I called NSF International today and learned which faucets are exempt from the coming, tighter lead standards. Lead concentrations in plumbing brass (and lead leaching) may legally remain high in faucets used to supply water to: showerheads, bathtubs, washing machines, stationary tubs (also known as slop sinks, where people might wash hands and paint brushes) and outdoor hoses (such as those used to wash a car, fill a swimming pool, or slake the thirst of lawns and gardens). Also on this exemption list: metered or sensor-driven faucets in public bathrooms (because they’ve been designed for washing hands only).

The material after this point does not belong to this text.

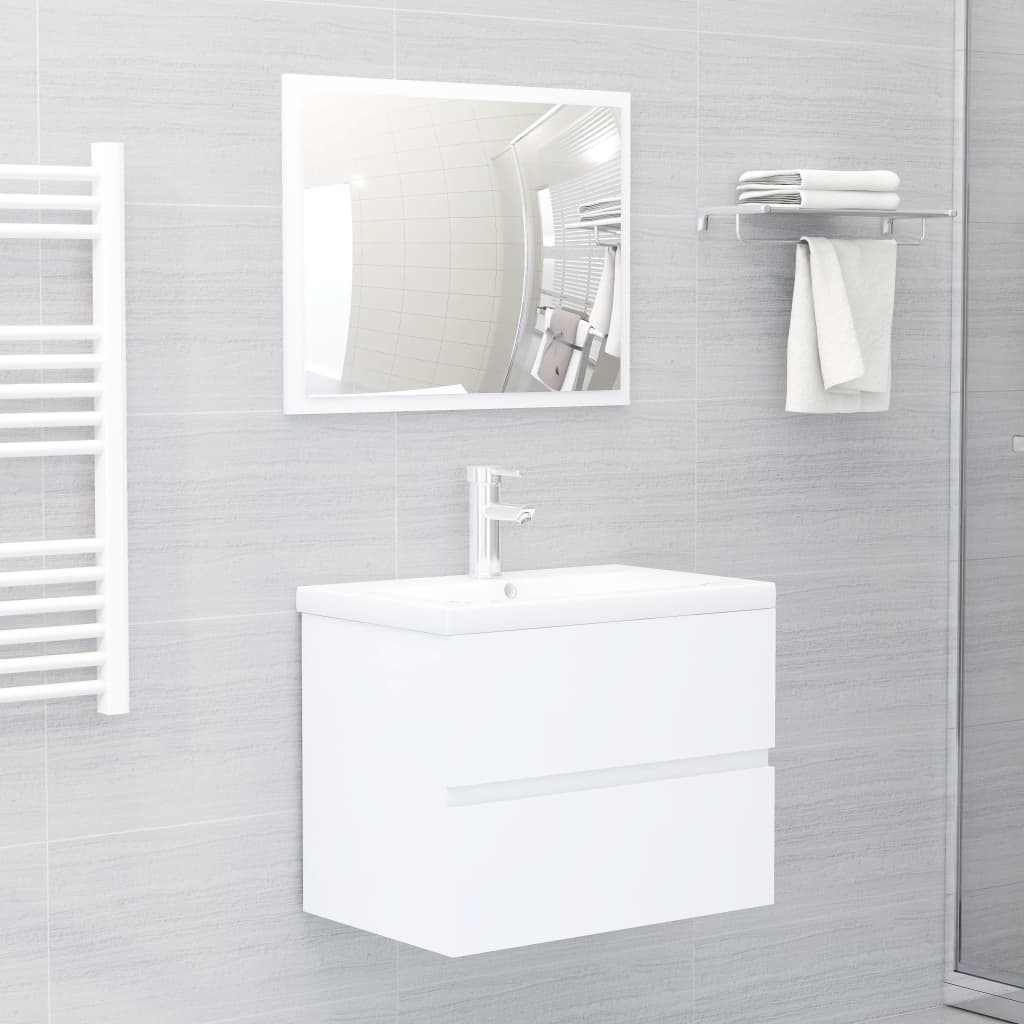 Conjunto de móveis de casa de banho madeira processada branco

Bottom line: People should never use these exempt faucets to fill up a drinking glass, tea kettle, or pot that will be used to cook pasta. And yes, that means you shouldn’t be drinking out of the garden hose (although they tend to be so dirty, why would someone in their right mind even want to).

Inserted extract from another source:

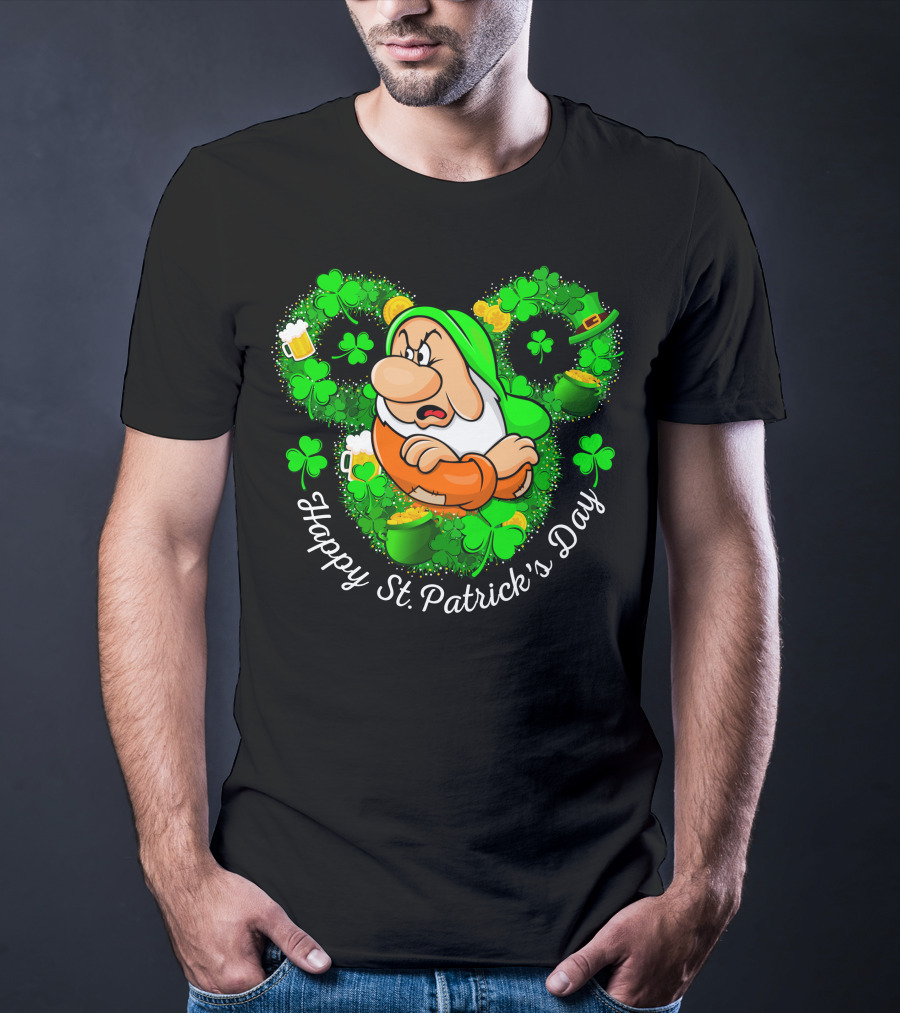 Grumpy Happy St. Patrick's Day Green Shamrocks And Beer T-Shirt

While learning all of this, Elfland ran across mention of a more restrictive lead standard for drinking water fixtures used in California. Unlike the national lead-leaching limit of 11 ppb, she was told that these weren’t supposed to leach more than 5 ppb.
While awaiting NSF’s new 2012 standards to go into effect, she thought it might make sense for her university to buy those California-certified faucets and drinking fountains. But to her surprise, she told me, some of the fixtures that had been leaching lead badly in UNC’s new buildings had been sanctioned for use in California.
What’s up?
I called the California State EPA’s Office of Environmental Health Hazard Assessment late yesterday to ask. I’d been told the California fixtures were known as “Proposition 65-compliant” faucets and drinking fountains. Only the Prop 65 Office didn’t know what I was talking about.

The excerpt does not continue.